» **RECORDS PROVIDED**:
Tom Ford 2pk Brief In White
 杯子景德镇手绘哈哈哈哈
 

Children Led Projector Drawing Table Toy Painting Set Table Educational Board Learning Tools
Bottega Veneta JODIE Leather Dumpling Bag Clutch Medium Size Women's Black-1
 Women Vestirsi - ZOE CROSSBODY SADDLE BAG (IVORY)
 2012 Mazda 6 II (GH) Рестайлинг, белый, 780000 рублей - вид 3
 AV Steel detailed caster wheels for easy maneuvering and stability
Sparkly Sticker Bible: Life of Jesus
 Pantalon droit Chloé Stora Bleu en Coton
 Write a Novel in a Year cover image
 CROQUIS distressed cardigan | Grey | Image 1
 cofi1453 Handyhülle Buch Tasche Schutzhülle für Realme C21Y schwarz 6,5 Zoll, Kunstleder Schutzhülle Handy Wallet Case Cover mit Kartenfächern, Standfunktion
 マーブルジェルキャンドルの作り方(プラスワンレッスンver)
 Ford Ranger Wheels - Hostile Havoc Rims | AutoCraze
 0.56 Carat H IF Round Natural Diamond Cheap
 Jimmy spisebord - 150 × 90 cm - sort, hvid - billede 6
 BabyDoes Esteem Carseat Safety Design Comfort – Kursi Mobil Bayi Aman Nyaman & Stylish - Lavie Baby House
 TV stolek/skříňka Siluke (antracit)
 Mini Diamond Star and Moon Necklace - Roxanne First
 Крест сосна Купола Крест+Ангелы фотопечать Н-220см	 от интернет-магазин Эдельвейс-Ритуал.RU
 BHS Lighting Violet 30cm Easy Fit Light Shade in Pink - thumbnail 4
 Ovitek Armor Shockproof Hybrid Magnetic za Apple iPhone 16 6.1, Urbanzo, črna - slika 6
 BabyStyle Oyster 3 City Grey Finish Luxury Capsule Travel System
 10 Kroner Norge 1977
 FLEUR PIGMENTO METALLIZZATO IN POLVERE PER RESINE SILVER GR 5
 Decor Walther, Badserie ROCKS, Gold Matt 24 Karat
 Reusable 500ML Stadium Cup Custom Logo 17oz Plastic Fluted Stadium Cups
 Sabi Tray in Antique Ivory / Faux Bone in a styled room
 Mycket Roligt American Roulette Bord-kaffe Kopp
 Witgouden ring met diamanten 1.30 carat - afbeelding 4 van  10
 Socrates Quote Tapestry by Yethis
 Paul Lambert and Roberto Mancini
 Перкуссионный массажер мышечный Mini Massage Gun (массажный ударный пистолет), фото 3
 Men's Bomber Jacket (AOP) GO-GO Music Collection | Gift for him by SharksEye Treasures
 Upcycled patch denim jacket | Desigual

» **EXERCISE**: The first line of the data, the line with "Ovitek Armor Shockproof", and all lines in between are to be copied exactly. Leave out everything else.

» **TASK RESPONSE**:
Tom Ford 2pk Brief In White
 杯子景德镇手绘哈哈哈哈
 

Children Led Projector Drawing Table Toy Painting Set Table Educational Board Learning Tools
Bottega Veneta JODIE Leather Dumpling Bag Clutch Medium Size Women's Black-1
 Women Vestirsi - ZOE CROSSBODY SADDLE BAG (IVORY)
 2012 Mazda 6 II (GH) Рестайлинг, белый, 780000 рублей - вид 3
 AV Steel detailed caster wheels for easy maneuvering and stability
Sparkly Sticker Bible: Life of Jesus
 Pantalon droit Chloé Stora Bleu en Coton
 Write a Novel in a Year cover image
 CROQUIS distressed cardigan | Grey | Image 1
 cofi1453 Handyhülle Buch Tasche Schutzhülle für Realme C21Y schwarz 6,5 Zoll, Kunstleder Schutzhülle Handy Wallet Case Cover mit Kartenfächern, Standfunktion
 マーブルジェルキャンドルの作り方(プラスワンレッスンver)
 Ford Ranger Wheels - Hostile Havoc Rims | AutoCraze
 0.56 Carat H IF Round Natural Diamond Cheap
 Jimmy spisebord - 150 × 90 cm - sort, hvid - billede 6
 BabyDoes Esteem Carseat Safety Design Comfort – Kursi Mobil Bayi Aman Nyaman & Stylish - Lavie Baby House
 TV stolek/skříňka Siluke (antracit)
 Mini Diamond Star and Moon Necklace - Roxanne First
 Крест сосна Купола Крест+Ангелы фотопечать Н-220см	 от интернет-магазин Эдельвейс-Ритуал.RU
 BHS Lighting Violet 30cm Easy Fit Light Shade in Pink - thumbnail 4
 Ovitek Armor Shockproof Hybrid Magnetic za Apple iPhone 16 6.1, Urbanzo, črna - slika 6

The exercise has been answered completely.